Jarak telah memberi kita banyak pelajaran. Hubungan yang dijalani dalam keterbatasan terbukti membuat ikatan kian pejal namun jarak telah mengajarkan semuanya kepada kita. Tidak bisa bertemu sepanjang waktu membuatmu dan aku lebih menghargai semua yang diberikan semesta. Waktu yang ada sangat percuma jika digunakan hanya untuk sebuah pertengkaran. Dalam-dalam, kusesap habis aroma tubuhmu saat kau memeluk erat tubuhku disetiap pertemuan kita. Hal itu menjadi cadangan kekuatan saat kita kembali harus dipisahkan jarak dan kesibukan selama beberapa waktu.
Perlahan, kita mengerti bahwa ikatan adalah soal frekuensi hati. Ia akan tetap terjalin baik selama masih diusahakan dalam satu gelombang yang telah disepakati. Mulai saat ini bolehkah jarak tak lagi dipandang sebagi musuh bersama?
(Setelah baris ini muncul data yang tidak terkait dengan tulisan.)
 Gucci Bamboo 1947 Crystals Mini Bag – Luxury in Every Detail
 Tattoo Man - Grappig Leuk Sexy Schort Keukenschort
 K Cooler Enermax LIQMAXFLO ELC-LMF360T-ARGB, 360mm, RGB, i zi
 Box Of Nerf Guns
Kau dan aku sesungguhnya sedang merayakan sebuah kemewahan yang bernama "JARAK". Ada pribadi yang tumbuh menjadi orang yang lebih bersabar. Ada pria yang berkembang menjadi seseorang yang lihai menjaga diri dan lisan. Dalam rapal pembangkit semangat, di ujung malam ada wanita yang berkembang menjadi pribadi yang tak mudah menyerah pada keadaan. Ada gadis kecil yang kini sudah belajar bagaimana sebuah komitmen harus dipertahankan. Jika boleh memilih, tentu aku ingin disisimu setiap waktu. Namun kau tak perlu khawatir, sebab jarak ini sangat kusyukuri.